Signs throughout the site explain each element, but visitors are also encouraged to download the IWalk app, available for both Android and iOS devices.

IWalk provides a virtual guided tour of the Memorial Plaza, connecting each feature of the Memorial Plaza with video testimony from Holocaust survivors and witnesses. Suitable for adults and children ages 10 and up, discussion questions in IWalk aim to jumpstart conversations about the importance of remembrance and the necessity of acting against bigotry and antisemitism.

IWalk is available for three audience groups — middle school, high school, and the general public. Participants can choose between three tour types: a 60-minute tour describing all of the Memorial Plaza features, as well as two special interest tours; one focusing on contemporary anti-Semitism; and one exploring the relationship between propaganda and the rise of anti-Semitism in Nazi Europe. The tours are available in English and in Spanish.

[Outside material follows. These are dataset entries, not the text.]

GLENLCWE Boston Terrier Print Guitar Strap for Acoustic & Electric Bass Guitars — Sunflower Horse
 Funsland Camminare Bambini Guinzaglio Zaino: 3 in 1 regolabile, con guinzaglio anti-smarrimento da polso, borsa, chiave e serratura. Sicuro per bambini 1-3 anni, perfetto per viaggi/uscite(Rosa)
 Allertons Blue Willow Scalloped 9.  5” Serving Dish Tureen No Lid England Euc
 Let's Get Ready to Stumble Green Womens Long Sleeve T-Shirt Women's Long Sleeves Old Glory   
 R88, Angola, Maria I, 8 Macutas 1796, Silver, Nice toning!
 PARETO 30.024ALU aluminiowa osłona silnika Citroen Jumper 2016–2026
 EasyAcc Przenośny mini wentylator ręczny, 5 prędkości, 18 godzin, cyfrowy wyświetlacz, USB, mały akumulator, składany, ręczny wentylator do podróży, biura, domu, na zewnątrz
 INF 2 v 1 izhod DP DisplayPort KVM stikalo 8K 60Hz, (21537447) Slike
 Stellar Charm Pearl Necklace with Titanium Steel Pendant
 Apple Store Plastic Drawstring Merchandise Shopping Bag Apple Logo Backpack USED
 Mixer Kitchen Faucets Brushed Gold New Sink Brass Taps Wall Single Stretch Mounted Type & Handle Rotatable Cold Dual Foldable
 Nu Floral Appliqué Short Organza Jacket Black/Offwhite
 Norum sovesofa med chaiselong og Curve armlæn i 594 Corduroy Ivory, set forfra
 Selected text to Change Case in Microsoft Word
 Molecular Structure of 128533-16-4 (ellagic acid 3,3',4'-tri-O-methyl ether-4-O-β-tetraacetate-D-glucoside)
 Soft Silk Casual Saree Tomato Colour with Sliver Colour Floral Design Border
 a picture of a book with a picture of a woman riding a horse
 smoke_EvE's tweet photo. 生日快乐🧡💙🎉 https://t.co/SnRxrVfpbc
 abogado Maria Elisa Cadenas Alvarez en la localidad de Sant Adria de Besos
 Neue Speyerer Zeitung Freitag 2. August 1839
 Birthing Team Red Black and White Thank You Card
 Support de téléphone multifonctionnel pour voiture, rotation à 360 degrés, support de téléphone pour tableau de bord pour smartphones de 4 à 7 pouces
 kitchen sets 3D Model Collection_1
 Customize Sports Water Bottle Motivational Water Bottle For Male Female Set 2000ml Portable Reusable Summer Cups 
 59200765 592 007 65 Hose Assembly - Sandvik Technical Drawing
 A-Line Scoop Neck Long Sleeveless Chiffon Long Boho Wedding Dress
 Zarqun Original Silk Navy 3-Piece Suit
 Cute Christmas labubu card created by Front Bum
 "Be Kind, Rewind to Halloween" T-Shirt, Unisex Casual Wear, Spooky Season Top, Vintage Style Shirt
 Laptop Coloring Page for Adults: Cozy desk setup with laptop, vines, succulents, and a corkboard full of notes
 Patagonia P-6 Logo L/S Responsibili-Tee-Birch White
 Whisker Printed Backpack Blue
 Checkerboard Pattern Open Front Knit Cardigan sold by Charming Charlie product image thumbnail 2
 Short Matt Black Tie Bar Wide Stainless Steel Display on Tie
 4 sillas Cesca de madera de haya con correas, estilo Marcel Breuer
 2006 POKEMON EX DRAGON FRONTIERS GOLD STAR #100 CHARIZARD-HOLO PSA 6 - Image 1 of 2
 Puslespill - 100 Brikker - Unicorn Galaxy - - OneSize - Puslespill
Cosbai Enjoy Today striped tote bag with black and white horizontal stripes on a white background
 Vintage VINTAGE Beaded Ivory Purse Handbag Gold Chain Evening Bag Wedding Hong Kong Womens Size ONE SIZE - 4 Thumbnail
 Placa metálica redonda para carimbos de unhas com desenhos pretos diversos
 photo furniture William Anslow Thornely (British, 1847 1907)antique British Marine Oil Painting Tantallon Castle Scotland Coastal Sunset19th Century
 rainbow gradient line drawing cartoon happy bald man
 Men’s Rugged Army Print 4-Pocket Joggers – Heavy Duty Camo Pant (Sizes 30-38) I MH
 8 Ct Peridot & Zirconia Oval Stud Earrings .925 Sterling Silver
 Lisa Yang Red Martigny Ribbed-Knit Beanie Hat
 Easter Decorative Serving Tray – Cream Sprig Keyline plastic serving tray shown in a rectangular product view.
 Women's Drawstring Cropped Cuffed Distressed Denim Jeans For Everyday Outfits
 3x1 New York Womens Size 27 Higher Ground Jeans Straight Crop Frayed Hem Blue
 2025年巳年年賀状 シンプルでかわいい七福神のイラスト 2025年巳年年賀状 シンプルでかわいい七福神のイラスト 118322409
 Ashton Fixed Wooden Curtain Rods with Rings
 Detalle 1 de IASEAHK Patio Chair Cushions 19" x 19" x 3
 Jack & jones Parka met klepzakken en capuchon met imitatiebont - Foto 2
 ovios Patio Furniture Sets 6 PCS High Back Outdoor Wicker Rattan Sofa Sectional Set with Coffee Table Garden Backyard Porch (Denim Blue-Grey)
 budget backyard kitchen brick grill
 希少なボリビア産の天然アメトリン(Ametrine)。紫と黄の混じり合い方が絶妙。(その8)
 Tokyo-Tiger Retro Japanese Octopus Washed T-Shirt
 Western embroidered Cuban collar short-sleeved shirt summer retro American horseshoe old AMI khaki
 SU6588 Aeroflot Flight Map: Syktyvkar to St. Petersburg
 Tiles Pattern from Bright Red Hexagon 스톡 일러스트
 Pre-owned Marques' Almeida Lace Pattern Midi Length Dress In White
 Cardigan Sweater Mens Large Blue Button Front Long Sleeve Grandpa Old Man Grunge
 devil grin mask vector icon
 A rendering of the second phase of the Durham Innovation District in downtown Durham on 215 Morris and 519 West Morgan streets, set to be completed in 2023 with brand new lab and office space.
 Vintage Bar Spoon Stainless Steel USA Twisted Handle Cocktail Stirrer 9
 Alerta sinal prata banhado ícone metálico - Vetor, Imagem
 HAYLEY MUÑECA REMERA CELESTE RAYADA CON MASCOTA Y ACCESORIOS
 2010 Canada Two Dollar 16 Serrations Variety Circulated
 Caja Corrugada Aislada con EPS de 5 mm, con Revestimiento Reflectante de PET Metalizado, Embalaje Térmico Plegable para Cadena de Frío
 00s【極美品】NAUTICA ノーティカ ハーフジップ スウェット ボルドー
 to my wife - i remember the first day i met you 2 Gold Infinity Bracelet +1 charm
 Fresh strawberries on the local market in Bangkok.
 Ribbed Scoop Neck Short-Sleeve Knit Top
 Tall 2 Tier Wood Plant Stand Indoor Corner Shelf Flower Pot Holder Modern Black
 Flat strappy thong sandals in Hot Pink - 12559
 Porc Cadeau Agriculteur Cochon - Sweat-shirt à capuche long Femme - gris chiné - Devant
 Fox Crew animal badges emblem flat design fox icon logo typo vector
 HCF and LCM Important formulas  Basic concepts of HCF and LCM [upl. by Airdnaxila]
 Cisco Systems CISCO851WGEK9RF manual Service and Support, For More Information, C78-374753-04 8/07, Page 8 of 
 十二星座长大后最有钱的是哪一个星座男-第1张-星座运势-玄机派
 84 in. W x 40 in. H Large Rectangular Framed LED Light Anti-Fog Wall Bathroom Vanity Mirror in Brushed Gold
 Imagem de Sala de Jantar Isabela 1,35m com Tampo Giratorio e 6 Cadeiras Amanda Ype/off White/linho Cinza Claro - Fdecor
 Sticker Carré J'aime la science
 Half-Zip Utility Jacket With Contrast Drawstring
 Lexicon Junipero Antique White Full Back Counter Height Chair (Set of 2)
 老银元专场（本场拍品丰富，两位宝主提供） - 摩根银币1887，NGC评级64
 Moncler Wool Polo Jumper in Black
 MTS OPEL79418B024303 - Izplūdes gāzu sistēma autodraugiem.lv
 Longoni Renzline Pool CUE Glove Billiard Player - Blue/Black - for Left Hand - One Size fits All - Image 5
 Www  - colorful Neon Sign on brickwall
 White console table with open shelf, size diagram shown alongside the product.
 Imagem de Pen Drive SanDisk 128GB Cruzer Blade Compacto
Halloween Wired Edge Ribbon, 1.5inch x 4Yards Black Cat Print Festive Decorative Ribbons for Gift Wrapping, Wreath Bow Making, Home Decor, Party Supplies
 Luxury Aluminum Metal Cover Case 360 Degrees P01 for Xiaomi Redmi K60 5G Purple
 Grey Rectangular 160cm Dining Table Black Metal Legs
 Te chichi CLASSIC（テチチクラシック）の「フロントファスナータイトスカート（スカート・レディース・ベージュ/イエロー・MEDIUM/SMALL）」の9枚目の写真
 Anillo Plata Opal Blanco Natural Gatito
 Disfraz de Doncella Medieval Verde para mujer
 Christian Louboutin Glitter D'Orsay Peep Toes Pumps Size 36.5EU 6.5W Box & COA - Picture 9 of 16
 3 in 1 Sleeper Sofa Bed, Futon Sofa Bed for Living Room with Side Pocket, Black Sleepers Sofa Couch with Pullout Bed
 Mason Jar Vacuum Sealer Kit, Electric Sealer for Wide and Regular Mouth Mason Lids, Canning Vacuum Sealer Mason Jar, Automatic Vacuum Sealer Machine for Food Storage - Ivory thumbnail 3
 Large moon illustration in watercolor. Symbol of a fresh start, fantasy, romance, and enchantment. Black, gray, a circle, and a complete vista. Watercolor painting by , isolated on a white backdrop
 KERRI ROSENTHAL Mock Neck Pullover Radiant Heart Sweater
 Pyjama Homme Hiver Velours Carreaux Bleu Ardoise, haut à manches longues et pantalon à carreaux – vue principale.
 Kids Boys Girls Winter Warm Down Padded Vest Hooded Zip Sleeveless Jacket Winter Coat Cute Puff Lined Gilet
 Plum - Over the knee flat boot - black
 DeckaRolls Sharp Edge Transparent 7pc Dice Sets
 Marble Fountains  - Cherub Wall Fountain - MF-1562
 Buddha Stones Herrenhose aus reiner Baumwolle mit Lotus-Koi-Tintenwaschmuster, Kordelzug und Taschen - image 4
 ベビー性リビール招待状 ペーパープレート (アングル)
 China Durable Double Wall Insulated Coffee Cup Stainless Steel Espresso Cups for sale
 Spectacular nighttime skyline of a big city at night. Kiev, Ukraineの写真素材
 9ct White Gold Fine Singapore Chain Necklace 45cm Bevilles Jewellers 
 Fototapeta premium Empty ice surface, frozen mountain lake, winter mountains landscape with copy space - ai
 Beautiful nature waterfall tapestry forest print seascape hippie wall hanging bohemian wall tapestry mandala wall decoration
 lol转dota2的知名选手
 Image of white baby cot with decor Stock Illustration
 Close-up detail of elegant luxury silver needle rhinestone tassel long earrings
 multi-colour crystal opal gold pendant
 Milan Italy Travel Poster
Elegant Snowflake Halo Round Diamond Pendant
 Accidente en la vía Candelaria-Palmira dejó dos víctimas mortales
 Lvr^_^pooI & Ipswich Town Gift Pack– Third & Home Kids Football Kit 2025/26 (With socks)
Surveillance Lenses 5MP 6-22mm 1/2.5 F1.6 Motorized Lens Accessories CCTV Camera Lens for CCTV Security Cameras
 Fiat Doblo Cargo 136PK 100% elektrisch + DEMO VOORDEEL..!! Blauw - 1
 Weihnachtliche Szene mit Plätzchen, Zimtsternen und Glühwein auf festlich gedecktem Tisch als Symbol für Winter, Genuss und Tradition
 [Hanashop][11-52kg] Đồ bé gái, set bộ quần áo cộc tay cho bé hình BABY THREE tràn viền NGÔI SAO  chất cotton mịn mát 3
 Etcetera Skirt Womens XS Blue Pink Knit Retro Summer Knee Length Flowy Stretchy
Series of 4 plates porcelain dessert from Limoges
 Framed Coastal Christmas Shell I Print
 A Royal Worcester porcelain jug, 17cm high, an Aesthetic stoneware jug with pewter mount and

Kutas pointed to text on one of the Six Pillars which told the history of a local man. “This pillar features a quote from Leon Bass,” she said. “He was an African-American Philadelphian who fought in a segregated army unit in WWII and took part in the liberation of the Buchenwald concentration camp. He went on to become a principal of Benjamin Franklin High School and a human rights activist.”

“His unique perspective as both a victim of oppression and a witness to oppression can speak to the universality of bigotry and intolerance,” Kutas said, “and perhaps help some of our young African-American students relate this history to their own experiences.”

“The IWalk app is great for this as well,” she added, “because it contains videos with first-hand accounts from Holocaust survivors. When you can put a face to something, it feels more real and immediate.”

Nathan Rapoport at the installation of the monument he designed in 1964. (Courtesy photo)

To ensure that every student in the Greater Philadelphia region is equipped to learn about the Holocaust in and out of the classroom, PHRF offers free professional development sessions for educators.

During each two-hour session, teachers are given learning tools for interacting with the elements in the Plaza and lesson plans which explore the intersectionality of antisemitism and racism. Lesson plans include preparation for visits, content and critical questions, as well as reflection and independent research. Teacher trainings are free, and teachers from the School District of Philadelphia may be eligible for professional development credits.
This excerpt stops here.